* **Aim of the task**: Print the whole listing again exactly as it stands, leaving out any images.

*** Opening of Data for review ***

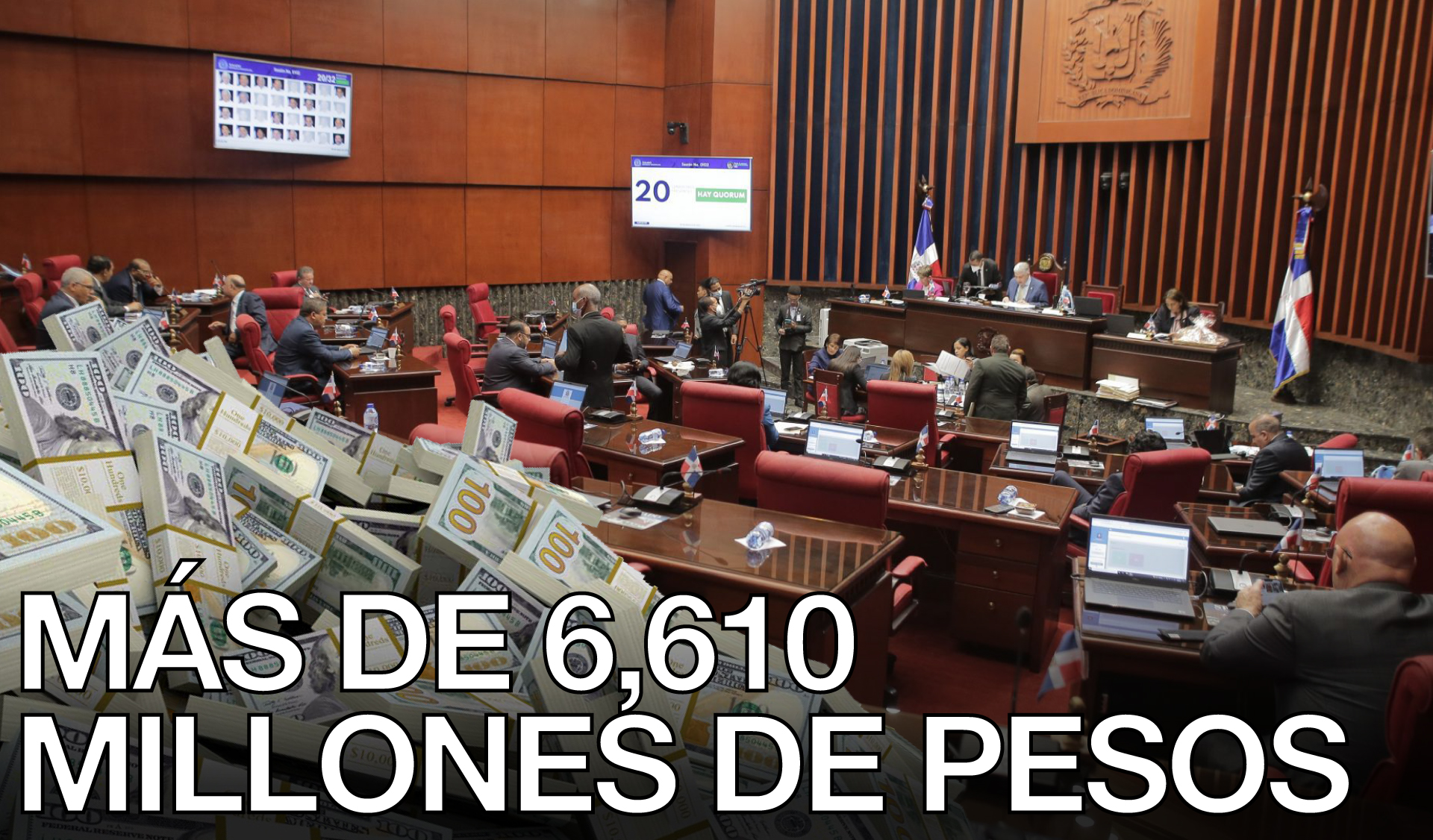 ¡préstamos De Millones De Dólares Deja A Todos En Dudas! 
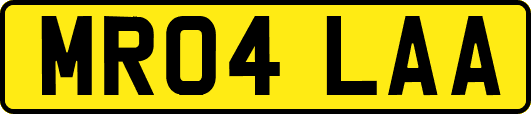 MR04LAA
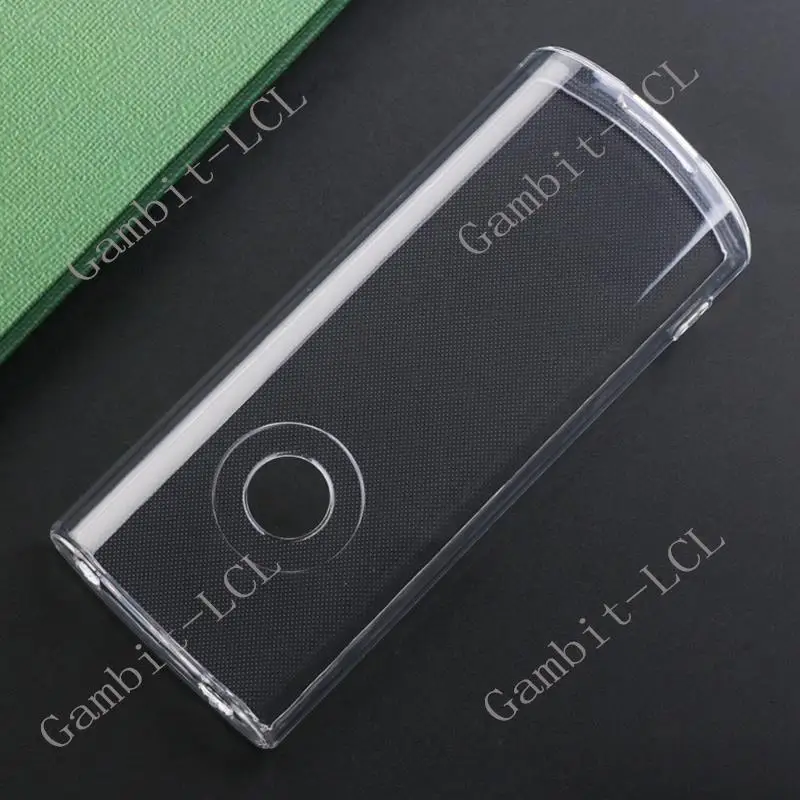 Enhanced Silicone Phone Protective Case - Shockproof, Soft TPU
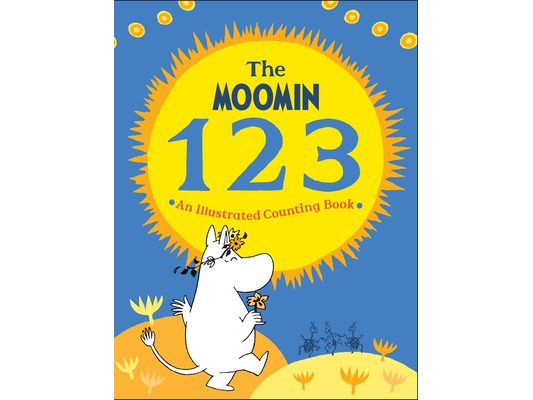 The Moomin 123: An Illustrated Counting Book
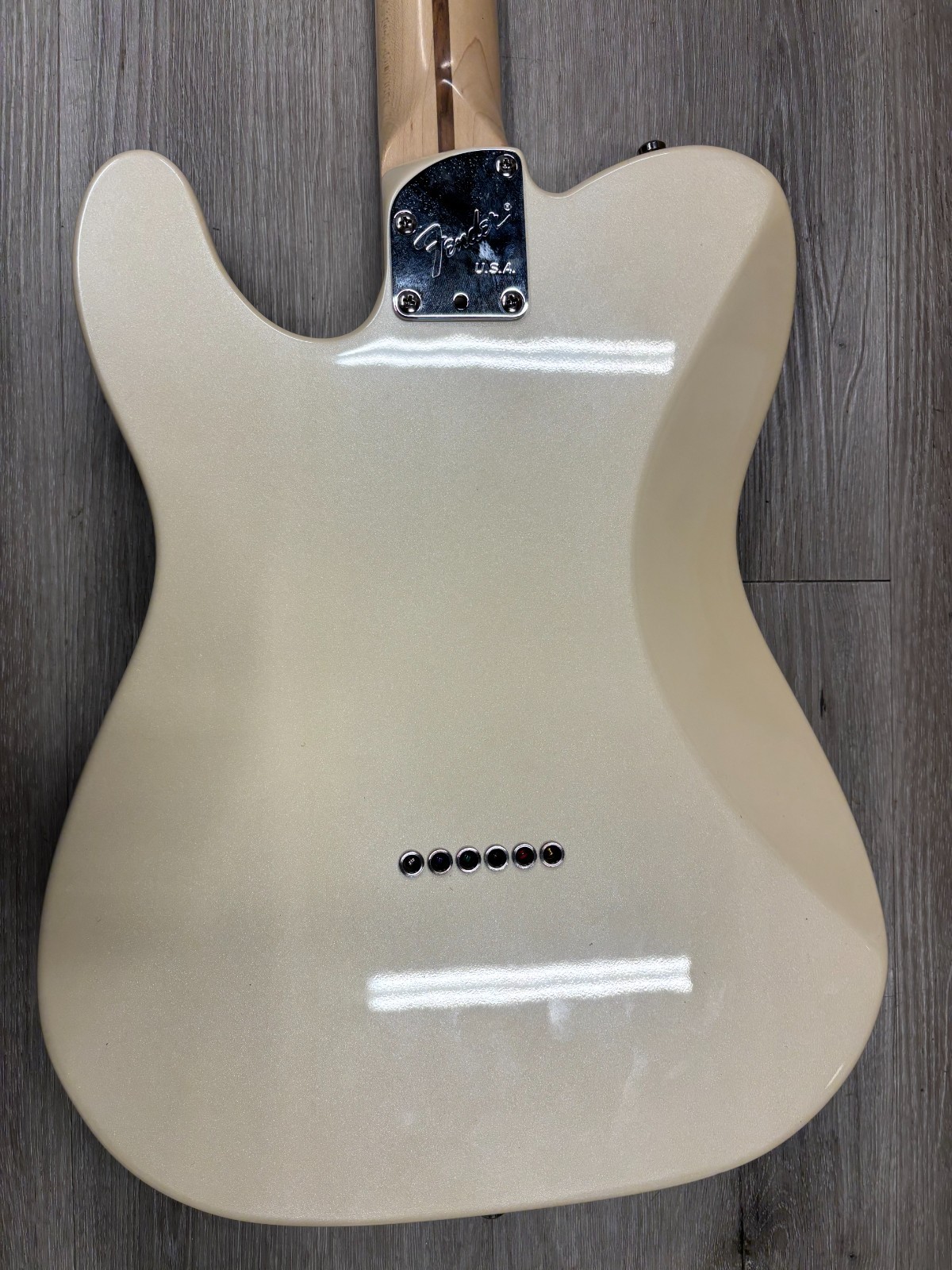 Fender Telecaster USA 60TH Anniversary w/ Soft Case – ON SALE !!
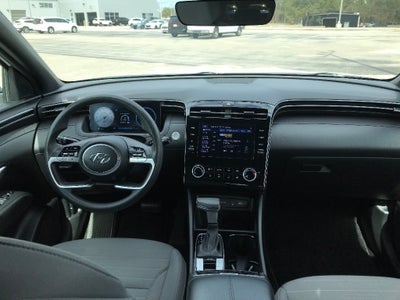 2023 Hyundai Santa Cruz SEL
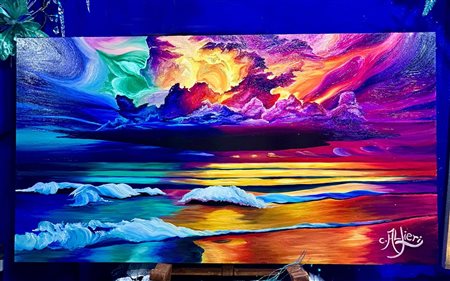 Caterina Maria Alfieri, Nessun confine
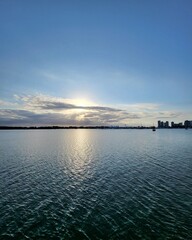 Naklejka premium broadwater Gold coast southport 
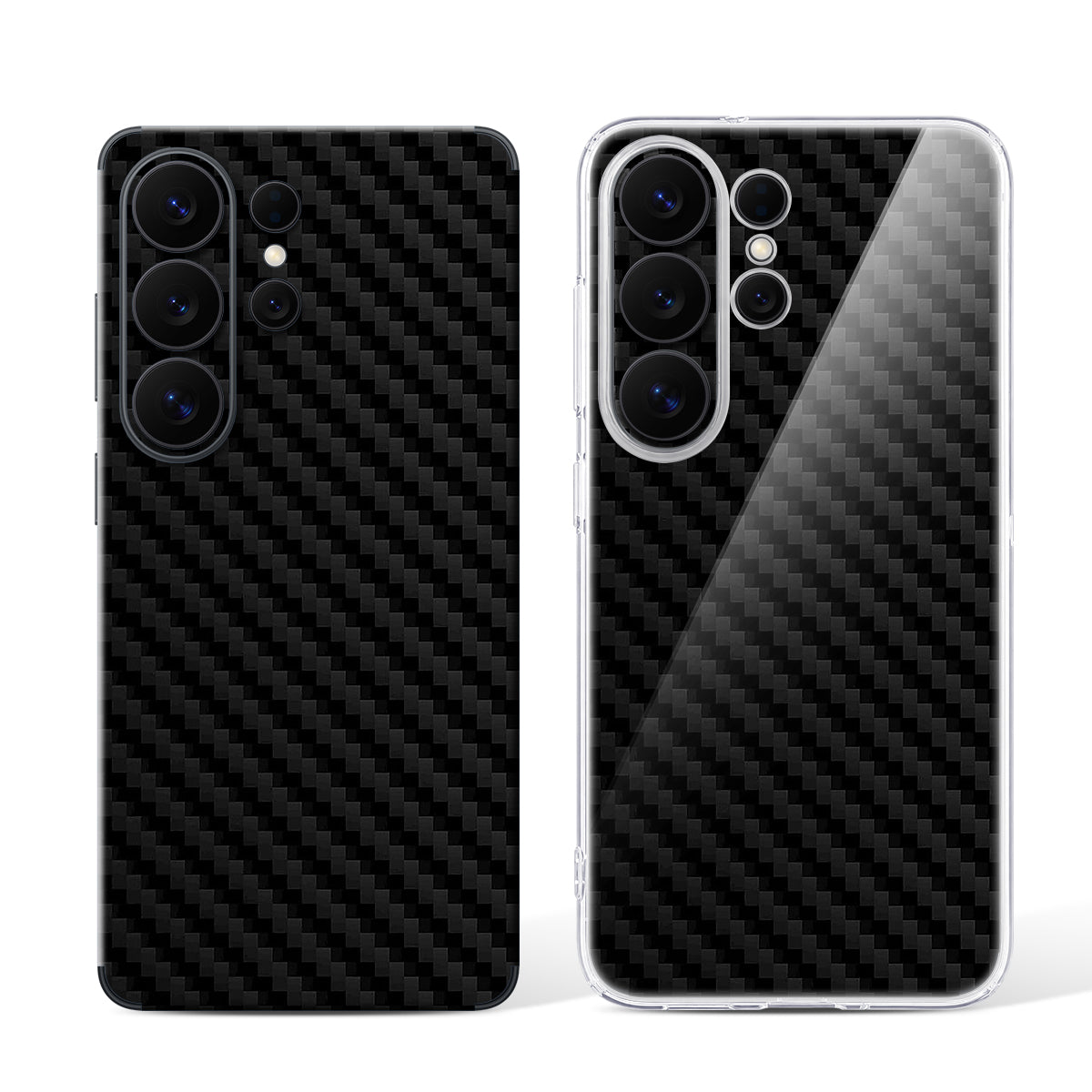 
Phone Skin for Samsung Galaxy S26 Ultra Black — Design 120
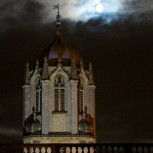 Oxford Ghost Tour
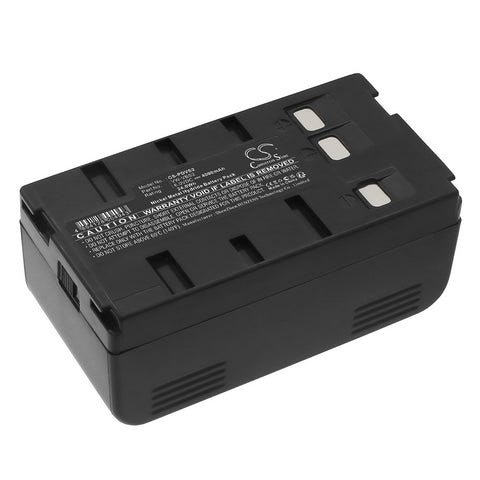 Panasonic VW-VBS2 Battery Replacement for Camera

*** Close of Data for review ***

* **Task answer**:
 ¡préstamos De Millones De Dólares Deja A Todos En Dudas! 
 MR04LAA
 Enhanced Silicone Phone Protective Case - Shockproof, Soft TPU
 The Moomin 123: An Illustrated Counting Book
 Fender Telecaster USA 60TH Anniversary w/ Soft Case – ON SALE !!
 2023 Hyundai Santa Cruz SEL
 Caterina Maria Alfieri, Nessun confine
 Naklejka premium broadwater Gold coast southport 
Phone Skin for Samsung Galaxy S26 Ultra Black — Design 120
 Oxford Ghost Tour
 Panasonic VW-VBS2 Battery Replacement for Camera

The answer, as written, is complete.